- [What is required]: Output the data below exactly, down to the last character.

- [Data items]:

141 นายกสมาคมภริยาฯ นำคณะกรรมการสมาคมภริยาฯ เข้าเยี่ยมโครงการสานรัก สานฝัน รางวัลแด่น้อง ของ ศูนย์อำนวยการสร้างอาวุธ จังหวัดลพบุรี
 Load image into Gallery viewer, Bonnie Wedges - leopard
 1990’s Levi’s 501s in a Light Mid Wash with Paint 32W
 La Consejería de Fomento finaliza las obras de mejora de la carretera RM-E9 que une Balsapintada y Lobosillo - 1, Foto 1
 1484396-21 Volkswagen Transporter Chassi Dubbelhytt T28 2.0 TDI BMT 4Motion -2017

- [Answer to this task]:
141 นายกสมาคมภริยาฯ นำคณะกรรมการสมาคมภริยาฯ เข้าเยี่ยมโครงการสานรัก สานฝัน รางวัลแด่น้อง ของ ศูนย์อำนวยการสร้างอาวุธ จังหวัดลพบุรี
 Load image into Gallery viewer, Bonnie Wedges - leopard
 1990’s Levi’s 501s in a Light Mid Wash with Paint 32W
 La Consejería de Fomento finaliza las obras de mejora de la carretera RM-E9 que une Balsapintada y Lobosillo - 1, Foto 1
 1484396-21 Volkswagen Transporter Chassi Dubbelhytt T28 2.0 TDI BMT 4Motion -2017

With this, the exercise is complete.